It has been suggested that a way to demonstrate that the rate of aging has been changed is to examine age-specific mortality rates, which increase exponentially with increasing chronological age in humans and in most species studied (Sacher, 1978). I demonstrated that mortality rates in the wild-type worm increased exponentially with a doubling time of about 2.8 days. Importantly the mortality rate continued to increase exponentially with increasing age and the rate of mortality was changed in both the long-lived RI strains and in the age-1 mutant (Johnson, 1987; 1990) but there was no change in the initial mortality rate, suggesting that the “rate of aging” has been altered in these mutants. We developed strategies for a fine-scale analysis of daily mortality rate (Johnson et al., 2001). We found that mortality rates were best fit by a two-stage Gompertz model. Mortality in all strains leveled off late in life. Most startling was the finding that mortality was segmentally affected. That is, different Age mutants showed lower mortality at various ages but not at all. The largest genetic effect on mortality was that of an age-1 mutation, which lowered mortality more than fivefold at most later ages. In contrast, a spe-26 mutant had a tenfold lower mortality until approximately 2 weeks of age but ultimately achieved a higher mortality, whereas clk-1 mutants showed slightly higher mortality than wild type during the fertile period, early in life, but ultimately leveled off at lower mortality.
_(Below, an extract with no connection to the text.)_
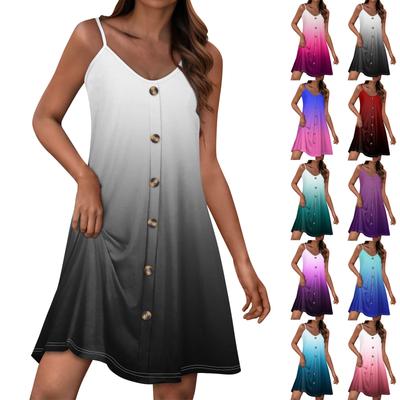 Summer Dresses For Women Spaghetti Strap Button Down Casual Sundress Beach Cover Up Dress With Pockets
We were able to initiate studies in RI strains in which we identified and mapped QTLs for longevity, fertility and temperature sensitivity as well as mortality (Shook et al., 1988). There was insufficient power to map mortality.

2.5. Movement as a biomarker of aging

Movement decreases with increasing life span, which led us to determine if movement rate serves to predict subsequent differential longevity of individual worms or strains of worms. Using both recombinant inbreds (Johnson, 1987; Brooks et al., 1994; Vaupel et al., 1994) and mutant strains (Duhon and Johnson; Brooks and Johnson, 1991), we found that quantitative measures of movement are very noisy and we were not able to predict life span in individual worms. However, using RI populations of worms with different genotypes and life expectancies, we were able to predict subsequent longevity using the rate of decline of movement (Johnson, 1987).

3. Changes in Gene Expression with Age

3.1. Background

A nagging question in aging research has been whether aging is simply an extension of development. Although many have made the assumption that there is no difference between what goes on in development and what goes on in aging, there are major differences arising from the basic fact that aging is not selected for. In a lack of selective value the post-reproductive, aged organism enters an unknown state with regard to alterations in gene expression (Johnson, 1986). Throughout the studies described in this section, we were asking about changes in gene expression during the senescent phase of life and how it might vary from the changes seen during development.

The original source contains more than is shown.